The heart of the Christmas Day feasting in Greece serves as both a decoration and a part of the meal – a round, cinnamon and orange loaf known as Christopsomo, or Christ’s Bread, and marked on the crown with a cross.

The delicious sweet bread may also be made with red wine and brandy, raisins, walnuts, nutmeg and cloves, and families will take pride in its baking, perhaps topping it with shapes in dough related to their lives and interests. (See our article about wine in Crete).

When the time comes to cut the bread – some families will eat it after attending church on Christmas Eve – a prayer may be said, and each slice will be handed over with a blessing for a long life.

Christ's Bread, traditional Greek Christmas dish
Christopsomo

A Greek Orthodox tradition is to cut a tree branch and bring it inside to symbolise the entry of Jesus into the life of the home, and another is to scatter straw in the house to represent the manger of Bethlehem.

While gift-giving for children is not part of the Christmas Day activities – they have to wait until January 1 to receive their parcels from St Basil – people with Christmas-related names like Emanuel or Christina may be lucky enough to receive ‘birthday’ presents.

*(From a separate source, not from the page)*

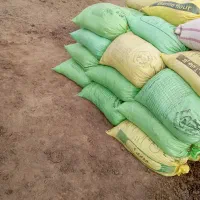 کود گوسفندی کیسه ای  درجه1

The Christmas feast is especially enjoyable for the more religious families, who will practise some fasting during Advent, avoiding meat, dairy products and eggs. The meal on December 25 may start with a chicken and rice soup before a sumptuous dinner of lamb, pork, goat or goose, with turkey growing in popularity.

Stuffing

Most of us love some stuffing with our Christmas meal, and you won’t be disappointed in Greece, where the recipes commonly include chestnuts, pine nuts, cinnamon and rice, as well as pork stuffing with prunes. A good selection of vegetables, including stuffed cabbage leaves and roast potatoes, is sure to accompany the main dish. A cheese and spinach pie might add to the choice.

Sweets

The familiar sweet, sticky pastry baklava is likely to be on offer as well as nutty, shredded filo kataifi and light, thin diples (or thiples) which originate from the Peloponnese, made of thin sheet-like dough, they are folded into bow shapes, dipped in syrup and fried.

Baklava

Pomegranates

Pomegranates also often feature in festive meals as a traditional symbol of prosperity – and they are not so heavy on the calories (although who’s counting on Christmas Day?).

Kourambiethes cookies

The flavours of orange, cinnamon and cloves are also put to sweeter use in melomakarona, egg-shaped biscuits coated in honey and walnut pieces, while the buttery kourambiethes cookies are rolled in powdered sugar and look like snowballs.

Kourambiethes cookies

The Greek islands have their own traditional Christmas twists, with Crete, for instance, favouring fried or baked cheese pastries, and Ionian islanders tucking into a glistening, syrup-soaked, spiced walnut cake.

At New Year, the Vasilopita is cut at midnight. This lucky new year's cake has a coin hidden inside and a piece is cut for each member of the family. The person who finds the coin is said to be blessed with good luck for the rest of the year.